I have not found my receipt and it's probably because I was in the early stages of building my house (I've kept all of those receipts), but I distinctly remember paying $100 a month (for a year) on a '90 HS80 and when I went in to make my last payment in October (including Nov/Dec and any loose ends on tax, etc), they had just put the new HS828 on the floor and let me pay an extra $200 to upgrade. That put me between $1,400 and $1,500. I also remember an Ariens (don't remember the model) at my local Ace Hardware store going for around $700-$900 (I could be wrong, but I do remember seeing some new snow blowers in that price range) and it was a big jump to go to $1,400 for me.

Other costs I remember are my house construction loan was $55,000, my 5 acres cost me $7,500 and my '87 Nissan Sentra cost $5,900, new at the dealer in '86. Luckily my '71 Chevy pickup was long paid for.

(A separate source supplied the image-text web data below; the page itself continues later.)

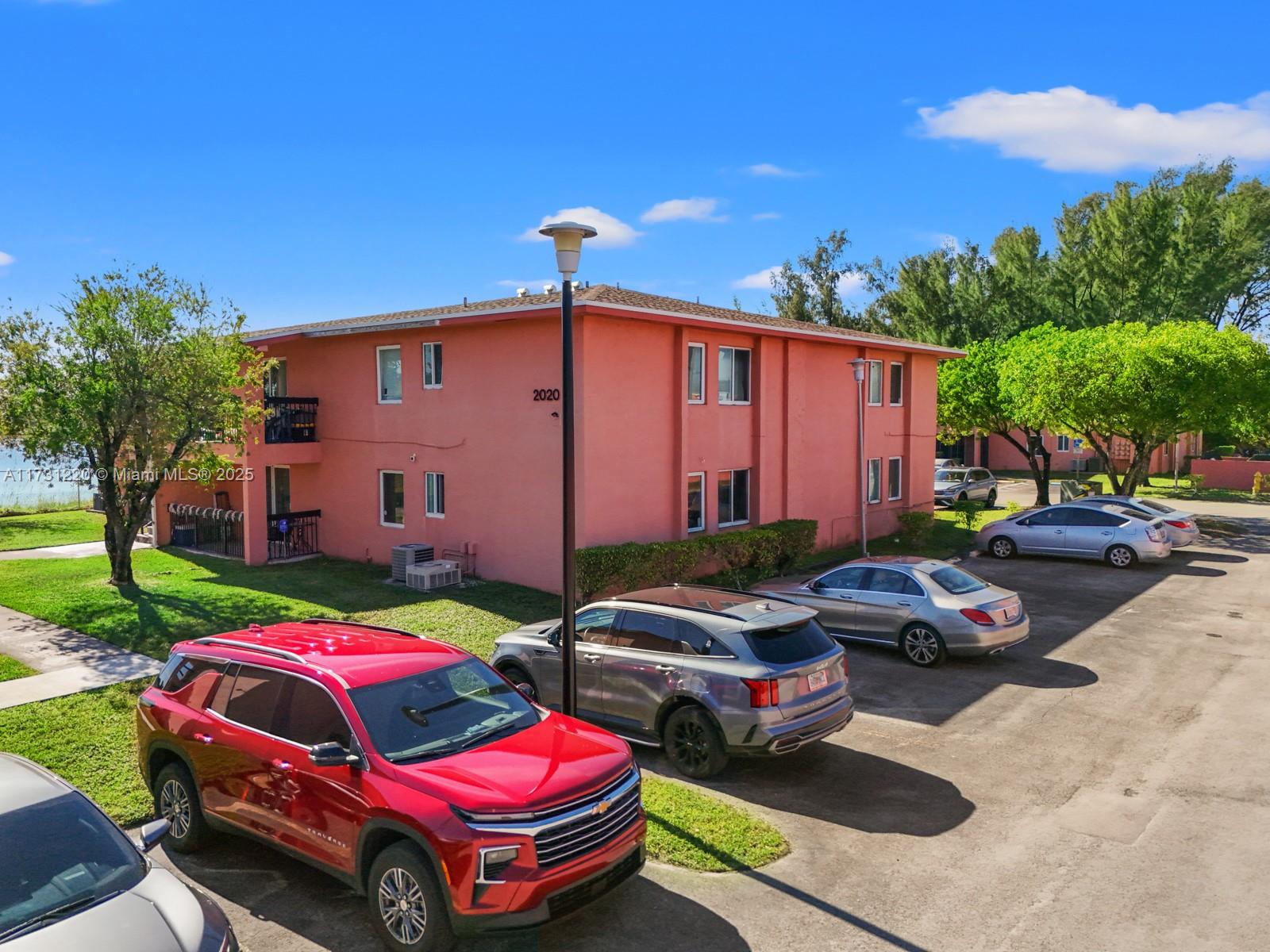 LAKEVIEW ESTATES CONDO - Residential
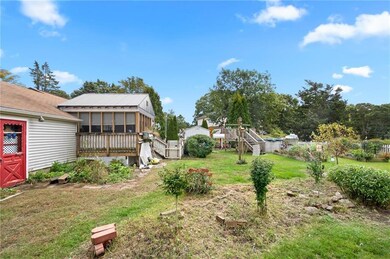 39 Stuart St, Westerly, RI 02891 - photo 6
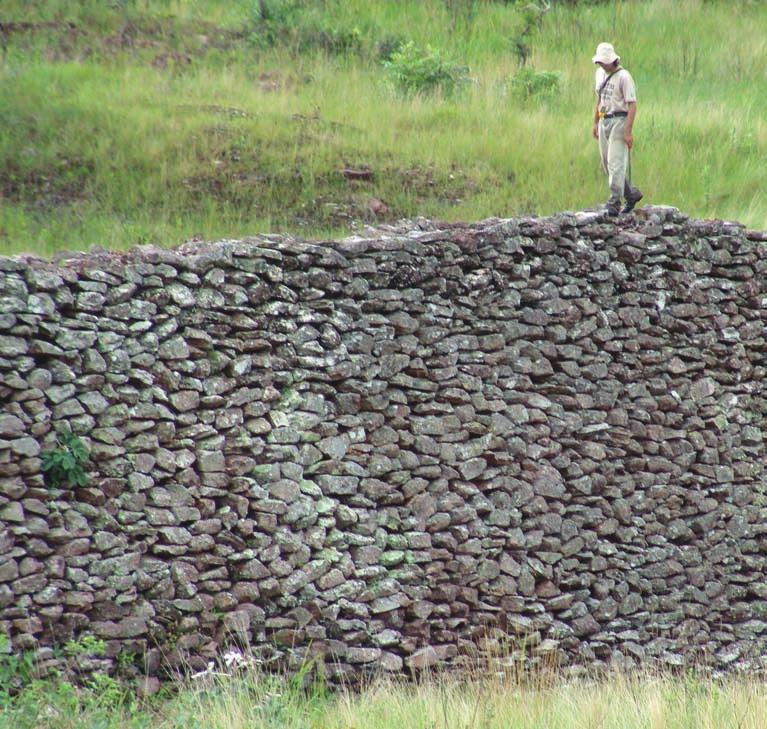 Sítio arqueológico de São Francisco Xavier (MT) Passo a passo para a preservação do patrimônio Nos últimos 70 anos a sociedade vem lutando para consolidar a legislação que protege os sítios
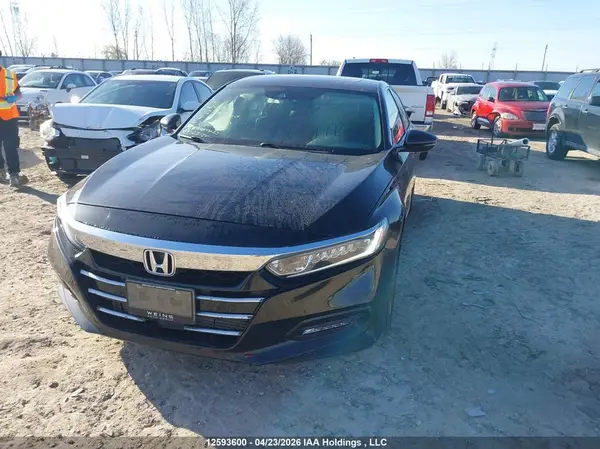1HGCV1F50JA810040 2018 HONDA ACCORD - Image 2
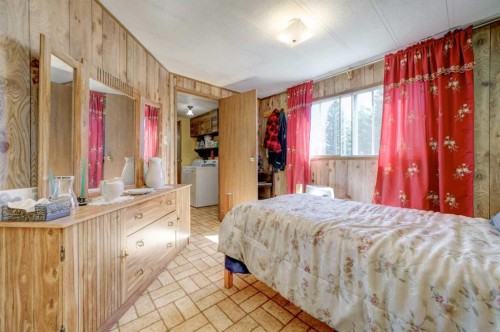 5670 16 Avenue, Coleman, AB - Indoor Photo Showing Bedroom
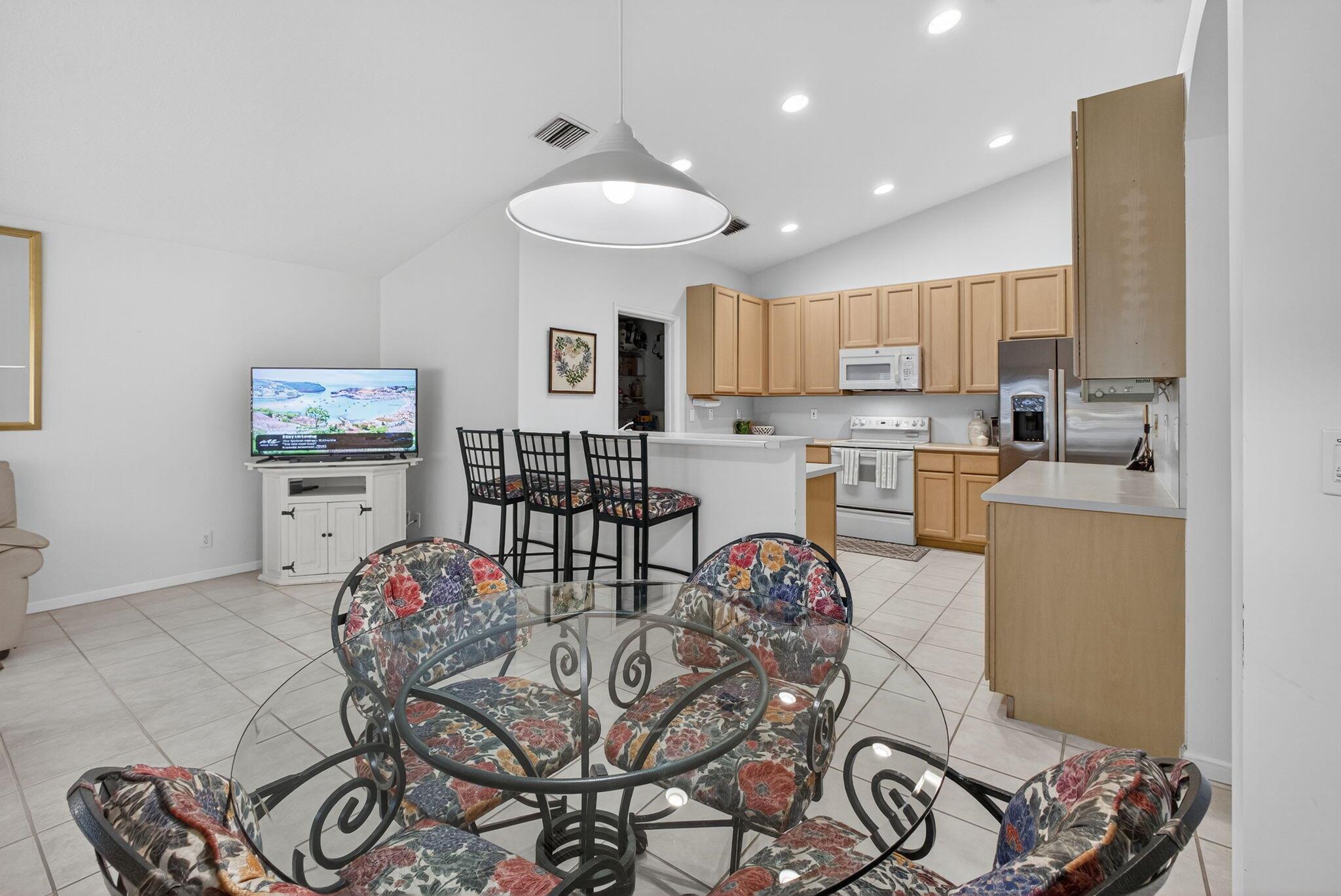 208 Jones Crk Dr Jupiter, FL 33458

I also remember getting snow plowing quotes and telling my wife that if we bought a good snow blower, we would have it paid off in 2 years worth of plowing fees.

I don't know what year I stopped in to my Honda OPE dealer, but the first time I saw an HS928, it was going for nearly double what I paid for the 828.

I have to say buying the HS828 was money well spent.





ST1100A said:


> One of the things with Honda power equipment, they did not go by a model year, they always went by the "K" number in their series. You could tell the "K" series by the first digit of the serial number.
> If I remember right, the "K2" came out around '95-'96


----------



## tabora (Mar 1, 2017)

Yet another HS828 "with only a couple of hours on it"... https://www.facebook.com/marketplace/item/2087954164620716/?ref=messenger_banner


----------



## orangputeh (Nov 24, 2016)

tabora said:


> Yet another HS828 "with only a couple of hours on it"... https://www.facebook.com/marketplace/item/2087954164620716/?ref=messenger_banner


Must be another Florida Honda.

Over $3000............bought it from a cocaine dealer or trade. Tony Montana


looked at a 928 this morning that was used commercially before this poor homeowner bought it. still had number on chute. augers ground down, bucket trashed and a host of other problems and he wanted $1700 for it. somebody will probably offer him $1500 for it. 

it's a disgrace.


----------